Nosotros no pillamos lluvia por la autovía, aunque parece ser que está cerca y
cae con fuerza por la zona de Aragón. Tenemos suerte y llegamos sin
contratiempos a nuestro destino a las puertas mismas de Irati.
¡Qué bonito hubiera sido este
aniversario!
Como aún no estoy recuperada del
todo, la ruta que realizamos es suave. Los dorados del bosque son preciosos, y
la hojarasca en las orillas del camino me incitan a que las fotografíe para mi
cuaderno de viajes. El otoño con su alfombra de ocres insiste en que le preste
atención y comparta mis sensaciones cuando vuelva al hotel y tenga de nuevo
cobertura.
Hago esas fotos, pero no las
disfruto como tampoco disfruto la ruta. Hay mucha gente siguiendo el camino. Hasta
el parque han llegado autobuses con jubilados y varios coches familiares con chiquillos.
Ciclistas, senderistas… Nunca
hicimos nuestro recorrido cruzándonos con gente, o caminando junto a otras personas que dirigen sus cámaras hacia el mismo lugar en que lo hacemos
nosotros. Ellos sí se muestran felices, sobre todo los niños.
Yo intento desconectar de la
tragedia. No pensar en ella y centrarme solo en la maravillosa sensación de
hundir los pies en ese lecho mullido de hojarasca. Deseo, no… «necesito» sentirlo
a través de las botas. Intento la sonrisa feliz de otras veces cuando poso
junto a ese árbol que me envía hojitas doradas a modo de lluvia, pero no acabo
de conseguirlo. No puedo salir natural. He hecho fotos bonitas, aunque no
tantas como en los otoños anteriores. Por suerte, sigo sin cobertura y no me
llegan los mensajes. Consigo evadirme un poco del drama.
Al finalizar la ruta, que ha sido
solo de cuatro horas, compruebo durante la comida que el nivel de saturación de
oxígeno marca 100% en mi reloj de pulsera, y que las pulsaciones han oscilado
entre 110/135. En los tramos de subida
aún me canso.
Ahora llueve. Nos aseamos y
esperamos a la hora de la cena. Yo he cargado el móvil y he respondido a las llamadas recibidas durante las cinco o seis horas que he estado con el teléfono inactivo. Varias
amigas de Madrid y de Murcia estaban preocupadas por nosotros porque nuestros
teléfonos daban apagado. Compruebo que tanto en mi casa como en la de mis hijos
está todo bien y leo el último libro de relatos de un amigo.
Él ve en la televisión un
programa de la TV Navarra y de vez en cuando dan datos de lo sucedido en
Valencia. Me comenta que van saliendo a la luz detalles sobre la crecida de
ríos y barrancos. Alguien dice que abrieron las compuertas de un pantano
cercano a los municipios afectados sin avisar, pero es una posibilidad que, ni
se sabe ni se sabrá nunca. Sea como fuere, la tragedia es de grandes dimensiones; jamás conocidas en el territorio español. En el momento de
escribir estas líneas ya hay contabilizados doscientos fallecimientos. Habrá más.

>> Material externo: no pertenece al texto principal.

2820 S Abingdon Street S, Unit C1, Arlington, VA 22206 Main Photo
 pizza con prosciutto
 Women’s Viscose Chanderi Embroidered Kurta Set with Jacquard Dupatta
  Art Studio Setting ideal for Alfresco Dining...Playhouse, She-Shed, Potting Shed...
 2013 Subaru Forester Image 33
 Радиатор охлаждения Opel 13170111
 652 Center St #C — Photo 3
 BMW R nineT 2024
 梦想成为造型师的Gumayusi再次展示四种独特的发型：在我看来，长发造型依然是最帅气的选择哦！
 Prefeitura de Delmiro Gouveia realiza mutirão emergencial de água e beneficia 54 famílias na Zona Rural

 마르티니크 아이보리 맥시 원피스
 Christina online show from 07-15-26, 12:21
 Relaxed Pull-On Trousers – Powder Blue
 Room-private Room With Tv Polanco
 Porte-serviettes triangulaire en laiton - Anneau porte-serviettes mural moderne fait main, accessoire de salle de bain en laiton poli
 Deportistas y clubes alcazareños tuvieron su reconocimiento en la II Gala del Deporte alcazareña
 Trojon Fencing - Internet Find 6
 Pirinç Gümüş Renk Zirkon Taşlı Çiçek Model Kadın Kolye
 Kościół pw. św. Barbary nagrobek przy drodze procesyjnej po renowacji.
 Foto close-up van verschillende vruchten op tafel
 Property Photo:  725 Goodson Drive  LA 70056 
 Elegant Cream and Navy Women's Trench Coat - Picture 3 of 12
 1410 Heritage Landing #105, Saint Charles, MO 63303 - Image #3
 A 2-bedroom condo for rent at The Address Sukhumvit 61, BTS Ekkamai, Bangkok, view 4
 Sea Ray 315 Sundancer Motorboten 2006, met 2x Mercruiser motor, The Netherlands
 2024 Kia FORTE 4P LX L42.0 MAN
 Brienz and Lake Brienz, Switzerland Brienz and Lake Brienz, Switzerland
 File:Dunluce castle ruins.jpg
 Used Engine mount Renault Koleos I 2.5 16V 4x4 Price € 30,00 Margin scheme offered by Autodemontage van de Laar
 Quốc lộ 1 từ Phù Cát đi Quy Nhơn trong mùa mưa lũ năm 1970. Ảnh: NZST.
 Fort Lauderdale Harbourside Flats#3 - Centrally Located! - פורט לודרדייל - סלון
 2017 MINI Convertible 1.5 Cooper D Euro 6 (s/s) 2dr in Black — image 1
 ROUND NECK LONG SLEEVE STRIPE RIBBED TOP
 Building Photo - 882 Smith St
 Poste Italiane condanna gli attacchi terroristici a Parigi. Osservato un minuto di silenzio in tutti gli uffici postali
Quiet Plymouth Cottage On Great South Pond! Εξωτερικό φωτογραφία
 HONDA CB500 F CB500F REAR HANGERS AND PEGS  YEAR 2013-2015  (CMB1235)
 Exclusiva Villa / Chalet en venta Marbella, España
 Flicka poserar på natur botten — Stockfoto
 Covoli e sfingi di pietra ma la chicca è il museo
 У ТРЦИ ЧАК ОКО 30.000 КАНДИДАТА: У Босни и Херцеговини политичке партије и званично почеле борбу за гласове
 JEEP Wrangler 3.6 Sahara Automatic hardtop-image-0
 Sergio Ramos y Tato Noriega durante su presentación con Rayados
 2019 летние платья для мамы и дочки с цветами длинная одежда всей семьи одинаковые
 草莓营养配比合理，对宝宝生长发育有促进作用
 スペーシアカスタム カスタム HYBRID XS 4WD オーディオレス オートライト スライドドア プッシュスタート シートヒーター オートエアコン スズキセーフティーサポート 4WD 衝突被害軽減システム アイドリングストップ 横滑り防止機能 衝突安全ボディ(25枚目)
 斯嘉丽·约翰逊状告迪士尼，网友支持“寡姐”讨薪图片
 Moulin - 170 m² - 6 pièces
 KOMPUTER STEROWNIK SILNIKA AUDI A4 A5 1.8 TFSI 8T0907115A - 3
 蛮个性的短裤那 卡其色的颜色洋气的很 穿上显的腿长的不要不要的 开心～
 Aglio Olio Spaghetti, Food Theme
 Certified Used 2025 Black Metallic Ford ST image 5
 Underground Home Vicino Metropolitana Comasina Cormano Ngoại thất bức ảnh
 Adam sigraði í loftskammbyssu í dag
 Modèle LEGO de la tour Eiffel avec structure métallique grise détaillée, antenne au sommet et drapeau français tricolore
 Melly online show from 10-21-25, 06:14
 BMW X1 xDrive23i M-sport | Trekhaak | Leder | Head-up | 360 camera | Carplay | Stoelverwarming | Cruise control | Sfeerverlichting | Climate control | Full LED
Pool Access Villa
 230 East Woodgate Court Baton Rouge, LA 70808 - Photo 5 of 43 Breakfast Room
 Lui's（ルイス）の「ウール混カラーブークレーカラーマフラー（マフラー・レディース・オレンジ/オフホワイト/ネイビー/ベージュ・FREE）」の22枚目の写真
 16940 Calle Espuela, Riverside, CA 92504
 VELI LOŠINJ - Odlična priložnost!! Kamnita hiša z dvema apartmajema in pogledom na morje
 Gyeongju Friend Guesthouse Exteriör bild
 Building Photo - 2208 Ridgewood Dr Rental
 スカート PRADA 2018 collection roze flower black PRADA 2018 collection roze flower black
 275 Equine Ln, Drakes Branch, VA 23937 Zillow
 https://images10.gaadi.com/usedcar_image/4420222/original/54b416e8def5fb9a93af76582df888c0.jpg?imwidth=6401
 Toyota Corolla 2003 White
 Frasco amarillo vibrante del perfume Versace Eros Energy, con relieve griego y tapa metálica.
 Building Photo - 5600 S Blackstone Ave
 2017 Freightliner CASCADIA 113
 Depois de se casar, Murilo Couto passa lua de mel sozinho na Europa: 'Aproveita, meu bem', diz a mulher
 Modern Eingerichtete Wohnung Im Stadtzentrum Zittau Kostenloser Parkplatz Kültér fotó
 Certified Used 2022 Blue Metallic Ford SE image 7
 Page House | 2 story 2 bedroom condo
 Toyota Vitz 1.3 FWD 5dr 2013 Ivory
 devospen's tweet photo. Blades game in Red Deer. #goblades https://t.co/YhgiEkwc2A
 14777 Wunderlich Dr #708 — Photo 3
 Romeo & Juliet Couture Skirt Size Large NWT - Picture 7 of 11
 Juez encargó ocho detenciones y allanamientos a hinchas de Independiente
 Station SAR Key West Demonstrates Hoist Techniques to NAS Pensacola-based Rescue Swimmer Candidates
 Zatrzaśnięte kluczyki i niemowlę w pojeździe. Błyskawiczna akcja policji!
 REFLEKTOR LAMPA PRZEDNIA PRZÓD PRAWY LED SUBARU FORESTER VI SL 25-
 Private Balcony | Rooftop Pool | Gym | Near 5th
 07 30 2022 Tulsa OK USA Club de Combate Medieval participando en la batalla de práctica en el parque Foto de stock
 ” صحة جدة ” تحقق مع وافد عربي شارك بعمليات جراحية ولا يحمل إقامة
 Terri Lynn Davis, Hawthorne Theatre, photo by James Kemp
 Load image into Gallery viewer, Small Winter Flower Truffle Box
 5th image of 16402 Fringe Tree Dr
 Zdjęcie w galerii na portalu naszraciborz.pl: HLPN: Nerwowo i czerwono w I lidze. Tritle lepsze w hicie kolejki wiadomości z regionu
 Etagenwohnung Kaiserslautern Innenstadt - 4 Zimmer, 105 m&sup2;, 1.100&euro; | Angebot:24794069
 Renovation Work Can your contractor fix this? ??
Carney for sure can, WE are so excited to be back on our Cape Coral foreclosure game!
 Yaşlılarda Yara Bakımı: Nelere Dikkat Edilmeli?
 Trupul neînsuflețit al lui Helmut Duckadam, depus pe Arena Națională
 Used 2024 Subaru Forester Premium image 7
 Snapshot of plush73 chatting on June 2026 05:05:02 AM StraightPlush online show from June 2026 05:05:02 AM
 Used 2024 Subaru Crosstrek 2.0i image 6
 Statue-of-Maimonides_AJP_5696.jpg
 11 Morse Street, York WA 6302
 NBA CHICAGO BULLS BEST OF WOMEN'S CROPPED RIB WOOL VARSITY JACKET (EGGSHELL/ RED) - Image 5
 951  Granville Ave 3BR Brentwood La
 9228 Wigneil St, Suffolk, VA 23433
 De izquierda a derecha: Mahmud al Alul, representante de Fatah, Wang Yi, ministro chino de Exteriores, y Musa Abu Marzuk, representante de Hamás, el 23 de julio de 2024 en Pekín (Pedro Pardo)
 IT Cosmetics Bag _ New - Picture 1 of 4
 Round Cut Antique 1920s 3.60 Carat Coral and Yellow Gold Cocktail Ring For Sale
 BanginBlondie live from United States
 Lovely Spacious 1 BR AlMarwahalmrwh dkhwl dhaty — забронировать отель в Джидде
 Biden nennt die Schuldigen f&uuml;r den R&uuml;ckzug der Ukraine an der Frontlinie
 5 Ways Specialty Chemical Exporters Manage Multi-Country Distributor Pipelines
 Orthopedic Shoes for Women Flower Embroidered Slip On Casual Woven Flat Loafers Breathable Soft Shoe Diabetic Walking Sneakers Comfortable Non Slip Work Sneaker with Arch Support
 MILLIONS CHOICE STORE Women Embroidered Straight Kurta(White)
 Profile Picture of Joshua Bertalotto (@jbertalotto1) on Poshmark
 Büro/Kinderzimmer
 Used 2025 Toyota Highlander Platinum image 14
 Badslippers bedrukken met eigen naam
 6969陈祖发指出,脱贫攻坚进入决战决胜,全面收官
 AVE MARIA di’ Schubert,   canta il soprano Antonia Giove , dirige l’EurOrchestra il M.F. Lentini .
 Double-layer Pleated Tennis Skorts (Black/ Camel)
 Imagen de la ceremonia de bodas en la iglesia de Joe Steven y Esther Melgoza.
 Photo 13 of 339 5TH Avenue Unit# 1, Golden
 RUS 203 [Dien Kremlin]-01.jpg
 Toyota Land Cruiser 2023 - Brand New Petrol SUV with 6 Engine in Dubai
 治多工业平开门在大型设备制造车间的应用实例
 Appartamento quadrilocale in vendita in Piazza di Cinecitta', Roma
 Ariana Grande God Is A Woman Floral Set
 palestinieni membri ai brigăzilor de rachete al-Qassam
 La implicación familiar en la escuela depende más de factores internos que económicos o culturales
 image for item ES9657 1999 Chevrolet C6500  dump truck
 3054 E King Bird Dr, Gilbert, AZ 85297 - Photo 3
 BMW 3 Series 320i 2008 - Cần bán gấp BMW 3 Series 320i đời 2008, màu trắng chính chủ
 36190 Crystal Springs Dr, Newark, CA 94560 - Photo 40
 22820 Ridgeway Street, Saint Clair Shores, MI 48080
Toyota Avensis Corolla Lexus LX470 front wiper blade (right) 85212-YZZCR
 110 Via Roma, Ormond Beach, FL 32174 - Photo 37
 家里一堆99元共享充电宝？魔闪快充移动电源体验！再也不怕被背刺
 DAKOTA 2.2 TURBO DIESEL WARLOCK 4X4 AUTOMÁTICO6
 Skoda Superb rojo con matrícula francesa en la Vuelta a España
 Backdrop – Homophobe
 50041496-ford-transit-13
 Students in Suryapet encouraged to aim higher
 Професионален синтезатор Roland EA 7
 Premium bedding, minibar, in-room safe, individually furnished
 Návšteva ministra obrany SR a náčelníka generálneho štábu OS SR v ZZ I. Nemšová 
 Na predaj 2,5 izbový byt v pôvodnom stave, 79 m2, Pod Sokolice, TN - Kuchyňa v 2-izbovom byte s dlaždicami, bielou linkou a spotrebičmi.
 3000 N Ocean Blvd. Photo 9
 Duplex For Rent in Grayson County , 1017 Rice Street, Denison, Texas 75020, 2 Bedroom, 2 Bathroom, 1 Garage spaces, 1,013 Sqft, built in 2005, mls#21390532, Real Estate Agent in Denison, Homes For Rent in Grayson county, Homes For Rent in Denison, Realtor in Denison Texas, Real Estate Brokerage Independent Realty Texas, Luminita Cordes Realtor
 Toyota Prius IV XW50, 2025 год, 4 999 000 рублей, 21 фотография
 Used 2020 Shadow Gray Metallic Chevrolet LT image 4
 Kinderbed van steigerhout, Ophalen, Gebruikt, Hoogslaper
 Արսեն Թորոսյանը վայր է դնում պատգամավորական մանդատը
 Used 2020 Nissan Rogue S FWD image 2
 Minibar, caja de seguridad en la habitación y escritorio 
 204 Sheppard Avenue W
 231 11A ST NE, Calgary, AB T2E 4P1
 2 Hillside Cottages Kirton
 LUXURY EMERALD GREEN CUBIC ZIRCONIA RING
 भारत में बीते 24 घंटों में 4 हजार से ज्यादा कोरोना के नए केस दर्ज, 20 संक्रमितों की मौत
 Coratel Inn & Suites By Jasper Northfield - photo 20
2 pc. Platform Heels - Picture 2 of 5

Muchos más. Y habrá también muchos desaparecidos.
Hay por delante muchas horas de
duro trabajo y yo recordaré el drama en cada aniversario venidero, así como la
nefasta gestión de quien, henchido de orgullo y satisfacción, eliminó de un
plumazo la Unidad de Emergencias Especiales de mi tierra. Una unidad incapaz de
detener la Dana, pero que hubiera salvado muchas vidas de las que han perecido, y cuyo número aún desconocemos, en el interior de los vehículos atrapados entre
el barro y las aguas, en las carreteras, en los garajes de las fincas y…
Hoy no puedo ilustrar la entrada
del blog de mis apuntes de otoño con una imagen bonita del «otoño en Irati»,
tan solo ese lazo negro acompaña a la que intuyo como última de mis otoñadas
pirenaicas.
Cuando termino de pasar mi
nota del cuaderno al ordenador, se siguen registrando víctimas y detalles de los
que prefiero no comentar en este blog, aunque no puedo callar la nefasta
gestión de quienes enviaron la alerta a los móviles a las 20:30 de la noche,
cuando había personas que ya llevaban horas, si no fallecidas, agonizando en el
interior de sus vehículos o en los bajos de sus casas.
Muy mal. Muy mal y muy triste
a la vez que indignante.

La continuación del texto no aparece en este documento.